Rezension Theater-Farce: Noises off, von Michael Frayn (1982, dt. Der nackte Wahnsinn) – 7 Sterne

Theaterstücke gedruckt sind per se kein reines Lesevergnügen und dieses von 1982 vielleicht noch weniger als andere. Alle Figuren erscheinen mit zwei verschiedenen Namen im Text: So heißt eine Schauspielerin der Rahmenhandlung Belinda, doch im Stück im Stück spielt sie eine Flavia. Je nachdem, ob sich die Figur innerhalb oder außerhalb des Stücks im Stück äußert – und das wechselt unablässig – lesen wir also BELINDA oder FLAVIA. Dazu kommen etwa fünf weitere Akteure mit zwei verschiedenen Namen.

Komplexer Aufbau:

Außerdem macht Michael Frayn die Handlung so komplex, dass er im zweiten Akt zweispaltig schreibt; der Leser muss praktisch gleichzeitig linke und rechte Spalte nebeneinander und dann noch einmal die linke Spalte allein von oben nach unten lesen. Meine gelb eingeschlagene Ausgabe des Theaterverlags Samuel French hat zudem eine zweitklassige Druckqualität, die an eine mittelprächtige Fotokopie erinnert.

Das Stück als solches: brillant. Frayn schildert die Probe, dann die Aufführung einer Boulevardtheater-Farce durch Provinzschauspieler dreimal hintereinander – zweimal mit Blick auf die Bühne, einmal mit Blick hinter die Kulissen. Das heißt, wir lesen dreimal das selbe Theaterstück als Binnenhandlung, doch die Schauspieler in der Rahmenhandlung verstricken sich zunehmend in Pannen, Pech und Feindseligkeiten, in Suff und Liebeshändel, und beim dritten Mal geht der Text weitgehend aus dem Leim.

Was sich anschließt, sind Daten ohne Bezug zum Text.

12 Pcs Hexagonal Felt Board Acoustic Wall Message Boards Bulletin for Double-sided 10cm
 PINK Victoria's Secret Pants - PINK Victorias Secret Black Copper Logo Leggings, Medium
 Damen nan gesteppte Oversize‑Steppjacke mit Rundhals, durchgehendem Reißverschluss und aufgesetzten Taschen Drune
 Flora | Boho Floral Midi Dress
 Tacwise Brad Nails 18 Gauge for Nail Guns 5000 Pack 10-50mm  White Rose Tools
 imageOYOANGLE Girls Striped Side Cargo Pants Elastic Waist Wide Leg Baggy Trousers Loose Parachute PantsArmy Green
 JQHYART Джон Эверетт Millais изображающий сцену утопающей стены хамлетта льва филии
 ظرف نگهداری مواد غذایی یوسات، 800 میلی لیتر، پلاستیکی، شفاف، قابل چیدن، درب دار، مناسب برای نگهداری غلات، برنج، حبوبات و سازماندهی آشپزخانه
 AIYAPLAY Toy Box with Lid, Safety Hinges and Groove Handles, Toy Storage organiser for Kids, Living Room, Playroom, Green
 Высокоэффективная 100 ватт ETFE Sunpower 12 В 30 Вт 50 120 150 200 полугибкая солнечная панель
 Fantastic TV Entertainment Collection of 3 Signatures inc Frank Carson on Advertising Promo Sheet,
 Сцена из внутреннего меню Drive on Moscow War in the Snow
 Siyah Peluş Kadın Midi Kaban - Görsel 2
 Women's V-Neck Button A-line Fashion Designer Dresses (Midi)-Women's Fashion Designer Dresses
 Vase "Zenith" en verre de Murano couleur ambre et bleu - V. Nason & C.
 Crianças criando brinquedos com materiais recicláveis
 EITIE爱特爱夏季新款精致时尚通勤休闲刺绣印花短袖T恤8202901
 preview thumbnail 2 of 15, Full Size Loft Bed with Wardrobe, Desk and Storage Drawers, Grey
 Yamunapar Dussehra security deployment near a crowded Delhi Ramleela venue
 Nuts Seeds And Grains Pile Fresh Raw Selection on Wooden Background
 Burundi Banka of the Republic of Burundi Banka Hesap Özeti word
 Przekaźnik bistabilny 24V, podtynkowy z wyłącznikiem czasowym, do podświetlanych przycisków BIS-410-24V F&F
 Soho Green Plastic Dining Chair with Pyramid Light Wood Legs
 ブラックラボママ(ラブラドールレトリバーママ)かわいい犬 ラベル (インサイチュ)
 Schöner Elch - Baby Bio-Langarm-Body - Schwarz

Gnadenlos, pausenlos, atemlos folgt Gag auf Gag, fallen Hosen zu Boden, knallen Köpfe gegen Balken, kullern Kontaktlinsen, rollen Schauspieler Treppen herunter und kämpfen mit verknoteten Schnürsenkeln oder Roben. Zwar fliegen keine Torten in Gesichter, aber immerhin Sardinen.

Zum Glück kann man zurückblättern:

Die Handlung ist wie gesagt komplex. Nur wer den Text des Stücks im Stück aus dem ersten Akt gut behält, versteht die Gags im zweiten und dritten Akt, wenn den Schauspielern zunehmend die Erinnerung abhanden kommt. Immerhin ist das ein Vorteil der Buchversion: Man kann sich die Zeit selber einteilen und auch zurückblättern. Das Buch enthält zudem nach Programmheft-Art einen betont blasierten Essay, amüsante Schauspieler-Biographien und fiktive Werbung der örtlichen Unternehmer. Es gibt keinen Hinweis darauf, welche Fassung des mehrfach umgeschriebenen Stücks wir zu lesen bekommen.

Peter Bogdanovich hat Noises off 1992 verfilmt. Er wahrt den Originaltext und das manische Tempo. Im Internet gibt es nicht nur Ausschnitte aus dem Film, sondern auch von Theateraufführungen.

Noises Off erinnerte mich an andere Bücher mit unkonventioneller Anlage oder verschiedenen Handlungsebenen, so Das Wetter vor 15 Jahren von Wolf Haas mit ebenfalls brillanter Mischung von Rahmen- und Binnenhandlung und an Harold Pinters Theaterstück Betrogen, das rückwarts abläuft (und dessen Verfilmung ich nicht empfehle).